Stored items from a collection
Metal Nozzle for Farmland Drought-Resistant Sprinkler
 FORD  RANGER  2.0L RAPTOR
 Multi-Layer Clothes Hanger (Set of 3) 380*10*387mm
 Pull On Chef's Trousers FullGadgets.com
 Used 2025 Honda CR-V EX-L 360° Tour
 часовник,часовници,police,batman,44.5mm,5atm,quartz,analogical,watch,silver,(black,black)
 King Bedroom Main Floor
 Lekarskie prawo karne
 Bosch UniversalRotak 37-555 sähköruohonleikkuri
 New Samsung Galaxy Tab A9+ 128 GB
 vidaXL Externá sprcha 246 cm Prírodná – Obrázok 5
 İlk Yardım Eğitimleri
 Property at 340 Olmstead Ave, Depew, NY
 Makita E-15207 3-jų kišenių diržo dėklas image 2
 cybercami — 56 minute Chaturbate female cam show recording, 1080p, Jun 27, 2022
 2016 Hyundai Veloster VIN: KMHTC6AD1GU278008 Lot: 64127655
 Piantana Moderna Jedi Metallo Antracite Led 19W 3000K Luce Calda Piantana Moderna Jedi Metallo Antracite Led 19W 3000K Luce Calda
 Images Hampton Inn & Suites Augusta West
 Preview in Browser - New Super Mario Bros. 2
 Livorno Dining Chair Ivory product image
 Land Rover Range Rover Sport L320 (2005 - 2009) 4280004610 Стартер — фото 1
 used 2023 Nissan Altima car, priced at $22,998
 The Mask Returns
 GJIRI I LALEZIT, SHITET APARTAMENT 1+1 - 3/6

=== What the task requires ===
With the line containing "Images Hampton Inn & Suites Augusta West" as the first and the final line of the records as the last, copy that span exactly and nothing more.

=== Your response ===
 Images Hampton Inn & Suites Augusta West
 Preview in Browser - New Super Mario Bros. 2
 Livorno Dining Chair Ivory product image
 Land Rover Range Rover Sport L320 (2005 - 2009) 4280004610 Стартер — фото 1
 used 2023 Nissan Altima car, priced at $22,998
 The Mask Returns
 GJIRI I LALEZIT, SHITET APARTAMENT 1+1 - 3/6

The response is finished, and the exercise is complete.